Il n’y a jamais eu aussi peu d’agriculteurs en France (ceux-ci représentent 1,5% des actifs), mais la plupart des Français se pensent légitimes pour parler d’agriculture, alors qu’ils sont de moins en moins issus du milieu agricole et de plus en plus déconnectés des problématiques rurales. Les allées noires de monde du Salon de l’agriculture, dont la 59e édition touche à sa fin, ne démentiront pas cette affirmation. Est-ce par intérêt pour l’agriculture ou pour les produits du terroir que les Français se massent pour visiter « la plus grande ferme de France » ? Il semblerait, au vu des débordements du premier weekend, que certains ne soient venus que pour goûter aux produits alcoolisés.

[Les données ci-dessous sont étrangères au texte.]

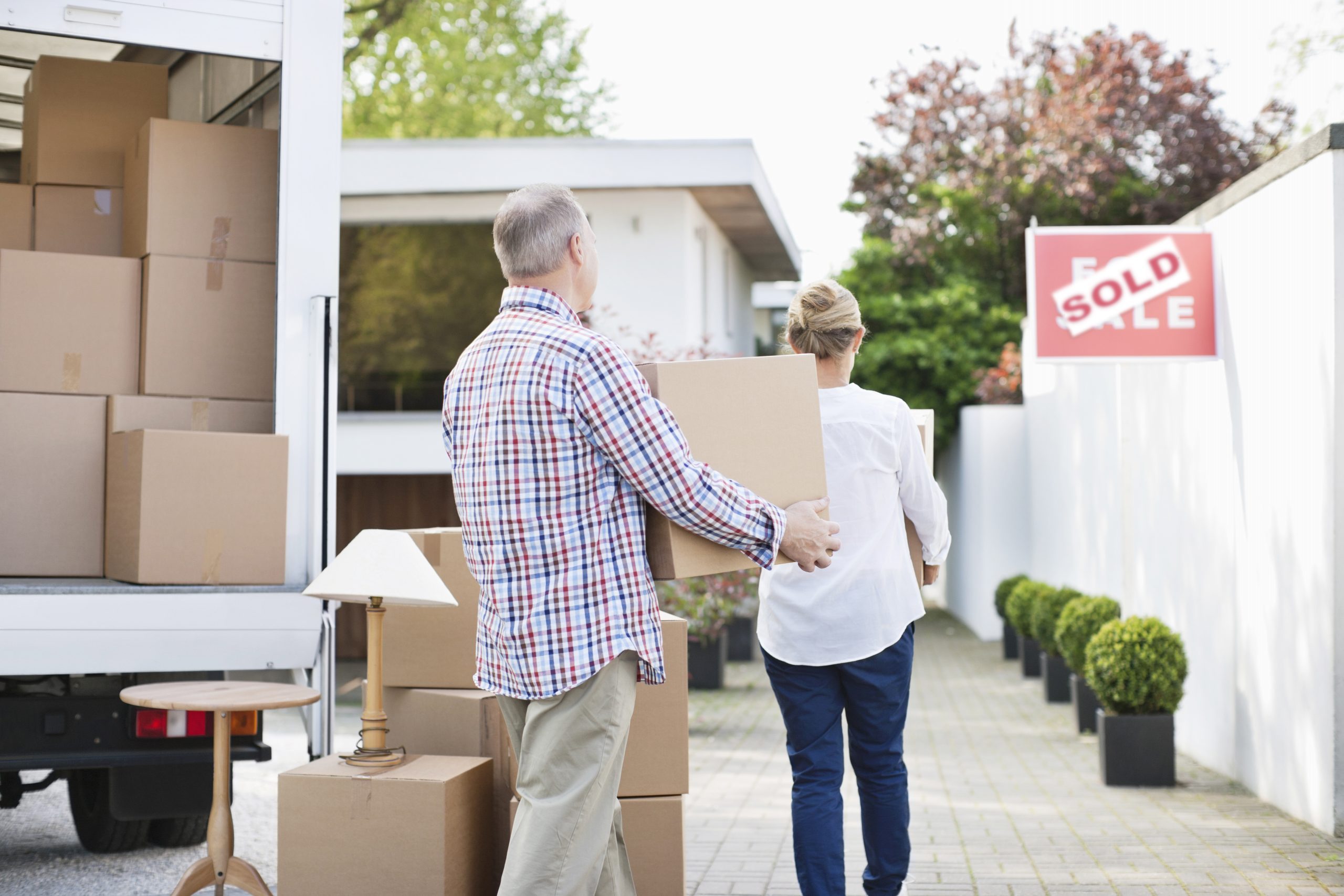 Couple unloading boxes from moving van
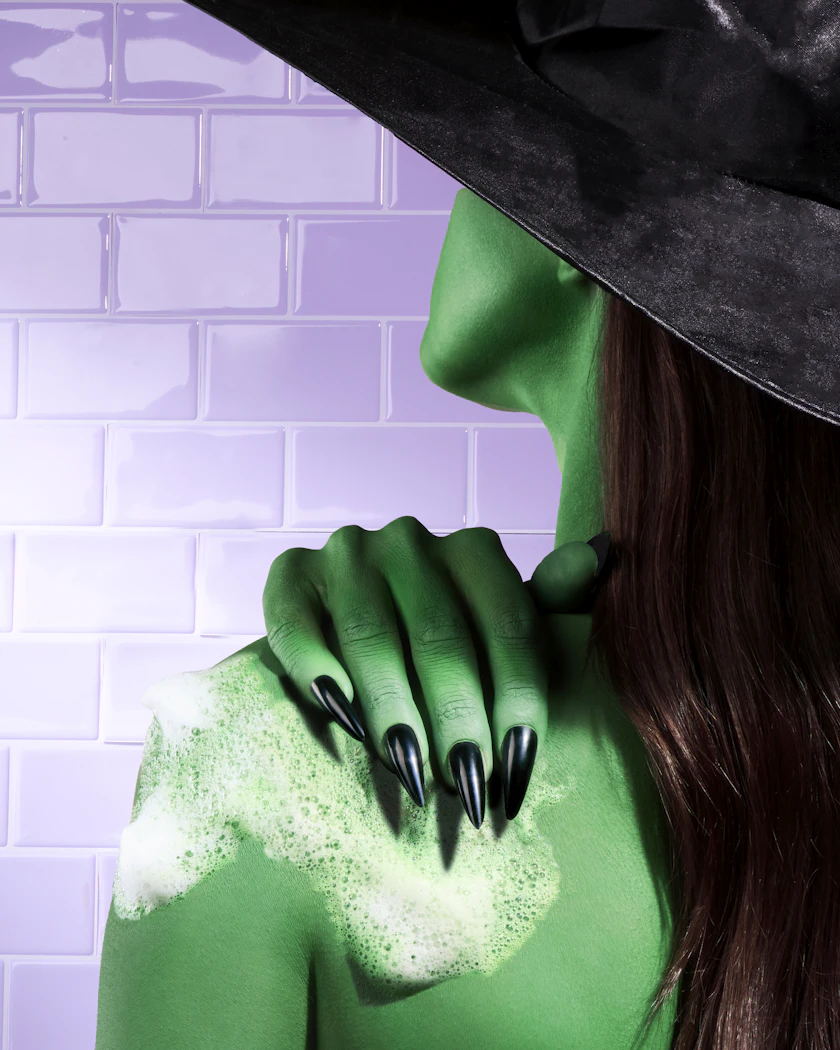 Caption: a woman wearing a green costume and a black hat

Mais passons sur ce public aviné. Une grande partie des visiteurs est un public de curieux, familial et scolaire. Un public constitué notamment de jeunes (et moins jeunes) courtisés par le monde agricole, face au défi immense du renouvellement des générations. « Je crois qu’un des enjeux les plus importants de l’agriculture française aujourd’hui, c’est l’installation des jeunes, c’est qu’il y ait encore des jeunes, qui aient envie de faire ce métier formidable », a déclaré le ministre de l’Economie Bruno Le Maire en visite au salon.

Des chemins alternatifs pour l'installation

Mais le renouvellement des générations se heurte à une inadéquation entre les exploitations à céder et les aspirations des nouveaux porteurs de projets en agriculture. Face à cela, plusieurs initiatives voient le jour pour mieux accompagner les nouvelles installations agricoles, à l’image du parcours de reconversion mis en place dans le Cantal, ou encore l’accompagnement proposé par l’entreprise Eloi.

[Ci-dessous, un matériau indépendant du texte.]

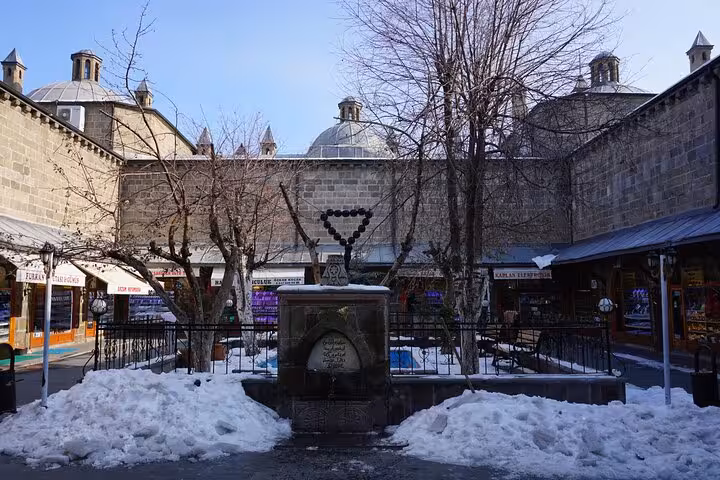 Snowy courtyard fountain at Erzurum’s historic bazaar with domed roofs, on an all-inclusive private 2-day guided tour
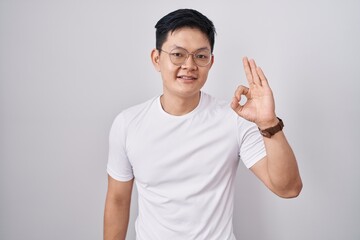 Young asian man standing over white background smiling positive doing ok sign with hand and fingers. successful expression.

L’installation passe désormais par des chemins de traverse. Mais même avec ces dispositifs alternatifs, le remplacement d’un départ par une nouvelle installation semble intenable au vu de la démographie. A trop focaliser l’attention sur le statut de chef d’exploitation, on en oublie la nécessité de recruter et de former aussi des salariés agricoles. Or, ceux-ci pâtissent d’un manque d’attractivité encore plus grand que le métier-même d’agriculteur.

Recours croissant à l'activité salariée

On l’a bien vu pendant les confinements, lorsqu’il manquait des saisonniers : l’agriculture a besoin de bras. Elle en aura encore plus besoin à l’avenir, car on assiste à la raréfaction de l’agriculture familiale, avec un couple qui ne compte pas ses heures et des grands-parents toujours là pour donner un (gros) coup de main. Désormais, « un chef d’entreprise agricole peut combiner son activité indépendante avec des activités salariées conduites ailleurs; ce même chef d’entreprise peut déléguer des travaux sur son exploitation à une entreprise de prestations de services, etc. », rappellent les sociologues François Purseigle et Bertrand Hervieu dans une tribune parue dans Le Monde, titrée « Le modèle de l’exploitant agricole classique a perdu une grande part de sa pertinence ». Face à ces mutations, l’enjeu n’est plus seulement le renouvellement des chefs d’exploitation, mais bien celui de l’ensemble des actifs agricoles.